I usually shop out of necessity rather than for entertainment. Yesterday though, since we were in Minneapolis, I talked Chuck into going with me to the Mall Of America. It was early afternoon when we exited Highway 77 onto Killebrew Drive, zooming past the first left turn lanes which were filled with cars. At the next traffic light, we turned into a parking garage and joined other cars hunting for an empty parking space.
Eventually, we parked near the Bloomingdale’s sign. Going into an elevator we couldn’t decide which floor to select so instead climbed the stairs where, at the first landing, we found the sky-bridge to the Mall barricaded. Traipsing up two more flights of stairs, we finally got to a pedestrian bridge spanning a roadway chasm. Inside, our first view of the Mall was looking down several levels into white and silvery layers of walkways and railings, an openness interrupted by the slant of escalators.
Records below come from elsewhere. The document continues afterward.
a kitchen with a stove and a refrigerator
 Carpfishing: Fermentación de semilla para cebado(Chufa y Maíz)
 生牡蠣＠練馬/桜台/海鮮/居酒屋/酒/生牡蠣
Thousands of conversations floated up past us, mixing and bouncing off tile and glass surfaces.
Traveling is a series of spatial encounters, whether crossing vast expanses of North Dakota or traversing the astonishing passageways of the Mall Of America. We joined a stream of shoppers—groups of girls, couples pushing strollers, women wearing headscarves and long dresses, and even young men. We rode escalators down, on each level walking past hundreds of stores selling shoes and hats, clothes, cosmetics and hair ornaments, candy, ice cream, and coffee. We tried on hats in a millinery store and bought note cards and a blank journal in a stationery store. The crowds were the most frenetic on the ground floor where the shops wrapped around a midway of three-story-high rides, even a roller coaster, and like at a carnival you could buy pale green and pink cotton candy.
Alain de Botton explains that the sign he encountered at Amsterdam’s Schipol airport was exotic “…because it succeeds in suggesting, vaguely but intensely, that the country that made it and that lies beyond the uitgang [exit] may in critical ways prove more congenial than my own to my temperament and concerns. The sign is a promise of happiness.”
After an hour-and-a-half in the Mall Of America, we started looking for the exit, not because it would give us entry to somewhere new and exotic but because we would return to a suburban calmness. But it was harder than we thought to find our way out to the right parking lot. Passing the same shops again, you wonder whether you are circling or had encountered these stores on a different level. Just past the Apple Store we saw a sign for Android owners advertising an app for navigating the Mall Of America. At a sign with a directory to the hundreds of stores we found the “you are here” arrow and searched for the exit to the east parking garage, certain that we had just experienced an abstraction of America.
Alain de Botton. The Art Of Travel. Virgin Books (2002), p 69.